Logic Programming in HANSEI (original) (raw)

We introduce logic programming in Hansei on the classical example of the appendrelation. Append relates three lists l1, l2 and l3 such that l3 is the concatenation of l1 and l2. All throughout we take our lists to be lists of booleans. We will contrast Prolog code with Hansei code, developing both incrementally and interactively. The responses of Prolog resp. OCaml top-level are indented.

In Prolog, the append relation is stated as:

 append([],L,L).
 append([H|T],L,[H|R]) :- append(T,L,R).

declaring that an empty list is a prefix of any list, a list is a suffix of itself, and prepending to the prefix of a list prepends to the list. Certainly append can concatenate two lists:

 ?- append([t,t,t],[f,f],X).
      X = [t, t, t, f, f].

By passing a free logic variable as one of the two first arguments, we can concatenate not fully-determined lists:

 ?- append([t,t,t],X,R).
      R = [t, t, t|X].

We see the single result, which stands for every list with the prefix [t,t,t]. Such a compact representation of an infinite set is an asset. Alas, it is not always available, and is often a mirage. For example, if we pass a free variable as the first argument ofappend, Prolog responds differently:

 ?- append(X,[f,f],R).
      R = [f, f] ;
      R = [_G328, f, f] ;
      R = [_G328, _G334, f, f] ;
      R = [_G328, _G334, _G340, f, f] .

with an infinite set of answers, to be enumerated indefinitely. It may not be fully apparent that our Prolog code has not faithfully represented the original problem: to relate boolean lists. The last two answers describe lists of more than mere booleans. We have to impose the restriction, by defining the type predicates

 bool(t).
 bool(f).
 boollist([]).
 boollist([H|T]) :- bool(H), boollist(T).
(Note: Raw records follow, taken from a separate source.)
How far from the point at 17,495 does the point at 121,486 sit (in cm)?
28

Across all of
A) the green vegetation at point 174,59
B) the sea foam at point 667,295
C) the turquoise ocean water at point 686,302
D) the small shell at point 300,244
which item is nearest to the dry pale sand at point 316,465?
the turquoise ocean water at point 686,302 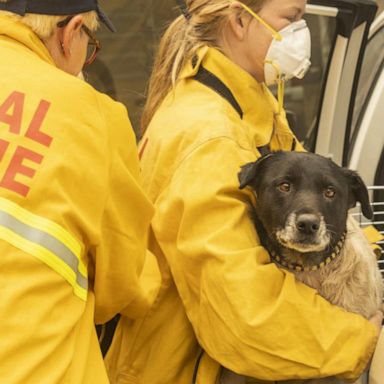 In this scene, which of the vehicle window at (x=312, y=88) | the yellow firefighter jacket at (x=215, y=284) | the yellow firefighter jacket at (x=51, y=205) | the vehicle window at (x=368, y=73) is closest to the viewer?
the yellow firefighter jacket at (x=51, y=205)

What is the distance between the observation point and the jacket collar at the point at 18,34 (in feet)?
4.46

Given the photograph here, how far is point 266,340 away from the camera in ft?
5.14

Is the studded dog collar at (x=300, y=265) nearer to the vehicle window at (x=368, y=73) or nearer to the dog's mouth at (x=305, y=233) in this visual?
the dog's mouth at (x=305, y=233)

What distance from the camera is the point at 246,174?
5.38ft

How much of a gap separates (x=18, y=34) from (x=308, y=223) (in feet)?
2.46

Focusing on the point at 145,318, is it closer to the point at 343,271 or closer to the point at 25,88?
the point at 343,271

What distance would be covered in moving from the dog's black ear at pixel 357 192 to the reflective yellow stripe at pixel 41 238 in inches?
32.4

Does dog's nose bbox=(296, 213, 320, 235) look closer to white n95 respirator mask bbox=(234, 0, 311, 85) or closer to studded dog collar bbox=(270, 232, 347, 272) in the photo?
studded dog collar bbox=(270, 232, 347, 272)

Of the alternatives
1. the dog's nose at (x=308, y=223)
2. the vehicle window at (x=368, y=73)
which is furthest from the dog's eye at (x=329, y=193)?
the vehicle window at (x=368, y=73)

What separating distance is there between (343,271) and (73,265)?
790 mm

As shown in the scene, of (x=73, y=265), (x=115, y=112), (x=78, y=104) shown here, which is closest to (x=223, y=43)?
(x=115, y=112)

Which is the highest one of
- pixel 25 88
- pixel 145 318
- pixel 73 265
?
pixel 25 88

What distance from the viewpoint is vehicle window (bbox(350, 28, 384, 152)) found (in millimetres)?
2998

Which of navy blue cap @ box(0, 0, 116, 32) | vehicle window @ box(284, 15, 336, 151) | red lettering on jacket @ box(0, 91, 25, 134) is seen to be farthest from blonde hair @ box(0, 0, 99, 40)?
vehicle window @ box(284, 15, 336, 151) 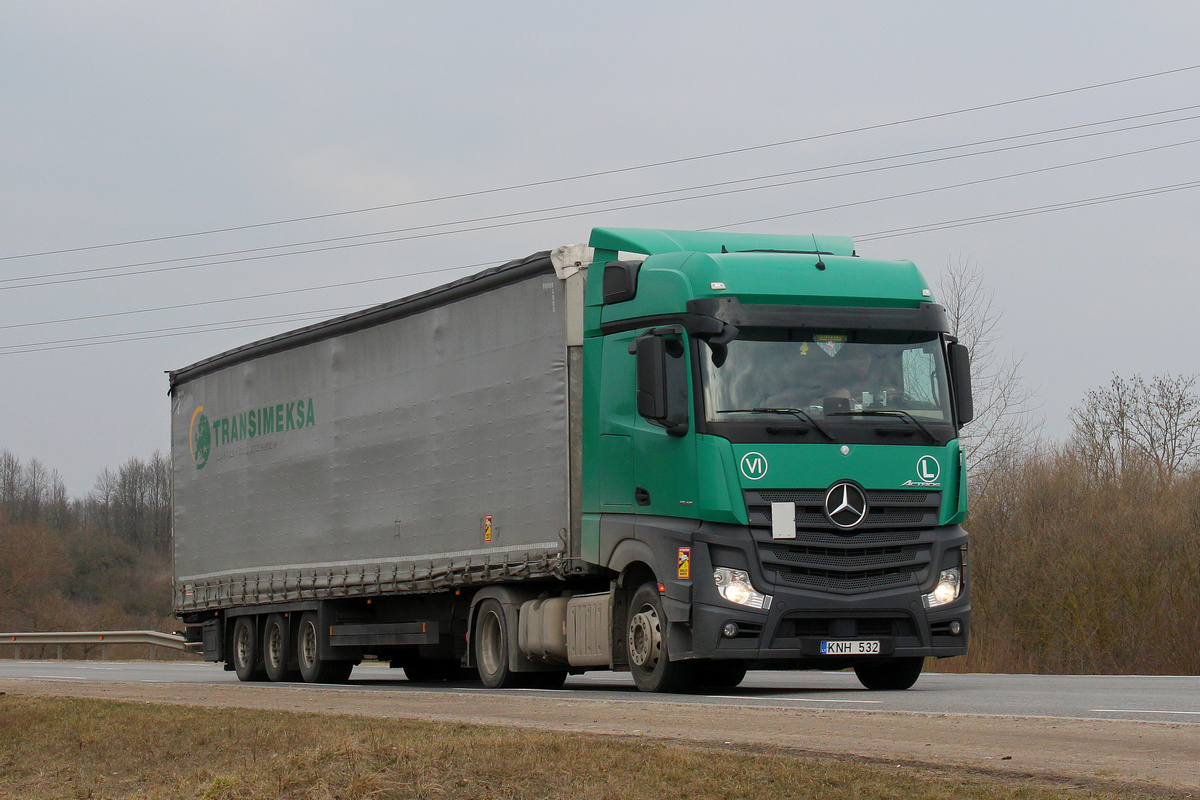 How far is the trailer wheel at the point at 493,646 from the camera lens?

and re-writing our queries:

 ?- append([t,t,t],X,R), boollist(X), boollist(R).
      R = [t, t, t] ;
      R = [t, t, t, t] ;
      R = [t, t, t, t, t] ;
      R = [t, t, t, t, t, t] ;
      R = [t, t, t, t, t, t, t, t, t] .
 
 ?- append(X,[f,f],R), boollist(X), boollist(R).
      R = [f, f] ;
      R = [t, f, f] ;
      R = [f, f, f] .

One of boollist(X) or boollist(R) would have been enough: if X is a boolean list, so is R. Alas, Prolog has no type inference and is unable to infer or take advantage of that fact. To be safe, we add both predicates. The compact representation for the lists with the [t, t, t] prefix has disappeared. More seriously, the default depth-first search strategy of Prolog gives us only half of the answers; we won't ever see the lists with an f after the first three t.

We switch to Hansei. In a typed language, types -- the specification of the problem -- come first. We start by defining the type blist of boolean lists with a non-deterministic spine, along with the convenient constructors:

 type bl = Nil | Cons of bool * blist
 and blist = unit -> bl;;
 
 let nil  : blist = fun () -> Nil;;
 let cons : bool -> blist -> blist = fun h t () -> Cons (h,t);;

and the conversion to ordinary, fully deterministic lists, to see the results.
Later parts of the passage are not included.